*** SOURCE MATERIAL Section Begins ***

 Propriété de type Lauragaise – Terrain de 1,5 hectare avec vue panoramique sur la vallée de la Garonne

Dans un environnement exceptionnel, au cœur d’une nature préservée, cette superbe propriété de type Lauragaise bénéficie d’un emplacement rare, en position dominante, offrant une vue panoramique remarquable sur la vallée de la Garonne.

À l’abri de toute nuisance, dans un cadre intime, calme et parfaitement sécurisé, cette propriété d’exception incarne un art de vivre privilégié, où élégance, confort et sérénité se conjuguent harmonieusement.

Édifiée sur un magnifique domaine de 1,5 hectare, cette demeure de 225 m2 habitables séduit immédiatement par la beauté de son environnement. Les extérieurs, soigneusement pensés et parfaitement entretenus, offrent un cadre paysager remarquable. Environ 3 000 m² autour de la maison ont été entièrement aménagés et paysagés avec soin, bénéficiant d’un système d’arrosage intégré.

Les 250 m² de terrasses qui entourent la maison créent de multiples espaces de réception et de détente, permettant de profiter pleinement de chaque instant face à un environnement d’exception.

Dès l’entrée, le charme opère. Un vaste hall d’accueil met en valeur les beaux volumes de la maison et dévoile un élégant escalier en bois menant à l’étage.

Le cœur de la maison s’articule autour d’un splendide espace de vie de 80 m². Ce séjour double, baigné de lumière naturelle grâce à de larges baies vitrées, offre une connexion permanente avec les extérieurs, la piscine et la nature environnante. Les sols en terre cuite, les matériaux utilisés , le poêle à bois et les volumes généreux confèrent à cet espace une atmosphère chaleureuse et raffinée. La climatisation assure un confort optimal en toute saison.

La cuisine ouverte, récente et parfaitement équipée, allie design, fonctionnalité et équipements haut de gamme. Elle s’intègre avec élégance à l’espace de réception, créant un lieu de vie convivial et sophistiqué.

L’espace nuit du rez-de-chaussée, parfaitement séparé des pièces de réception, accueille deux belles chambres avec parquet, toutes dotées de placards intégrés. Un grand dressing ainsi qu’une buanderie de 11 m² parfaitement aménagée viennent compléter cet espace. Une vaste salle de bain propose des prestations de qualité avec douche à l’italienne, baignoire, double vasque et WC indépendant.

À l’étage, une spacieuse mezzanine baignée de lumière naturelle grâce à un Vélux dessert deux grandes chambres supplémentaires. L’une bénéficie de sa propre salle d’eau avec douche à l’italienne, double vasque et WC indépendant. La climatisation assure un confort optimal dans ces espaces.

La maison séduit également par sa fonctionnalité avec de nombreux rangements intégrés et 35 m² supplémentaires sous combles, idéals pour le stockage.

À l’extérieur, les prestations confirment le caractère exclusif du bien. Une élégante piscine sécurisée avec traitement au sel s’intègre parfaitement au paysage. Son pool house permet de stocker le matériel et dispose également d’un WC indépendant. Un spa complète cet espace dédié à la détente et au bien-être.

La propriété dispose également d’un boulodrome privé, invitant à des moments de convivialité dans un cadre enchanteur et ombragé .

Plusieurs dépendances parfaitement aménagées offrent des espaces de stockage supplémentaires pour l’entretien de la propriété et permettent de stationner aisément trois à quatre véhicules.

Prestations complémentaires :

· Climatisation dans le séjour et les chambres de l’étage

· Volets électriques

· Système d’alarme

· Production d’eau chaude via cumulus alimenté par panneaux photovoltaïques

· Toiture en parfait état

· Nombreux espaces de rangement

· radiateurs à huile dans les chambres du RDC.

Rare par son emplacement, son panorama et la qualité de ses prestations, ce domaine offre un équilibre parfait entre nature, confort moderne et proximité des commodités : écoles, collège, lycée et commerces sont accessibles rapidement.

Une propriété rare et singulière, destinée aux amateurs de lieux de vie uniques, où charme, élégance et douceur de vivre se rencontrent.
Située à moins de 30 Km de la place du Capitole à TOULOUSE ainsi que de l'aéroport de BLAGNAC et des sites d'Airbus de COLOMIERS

*** SOURCE MATERIAL Section Ends ***

AIM OF THE TASK:
In the material above, transcribe exactly the lines beginning at the one with "Dès l’entrée, le" and ending at the one with "Le cœur de la", both included.

RESULT OF THE TASK:
Dès l’entrée, le charme opère. Un vaste hall d’accueil met en valeur les beaux volumes de la maison et dévoile un élégant escalier en bois menant à l’étage.

Le cœur de la maison s’articule autour d’un splendide espace de vie de 80 m². Ce séjour double, baigné de lumière naturelle grâce à de larges baies vitrées, offre une connexion permanente avec les extérieurs, la piscine et la nature environnante. Les sols en terre cuite, les matériaux utilisés , le poêle à bois et les volumes généreux confèrent à cet espace une atmosphère chaleureuse et raffinée. La climatisation assure un confort optimal en toute saison.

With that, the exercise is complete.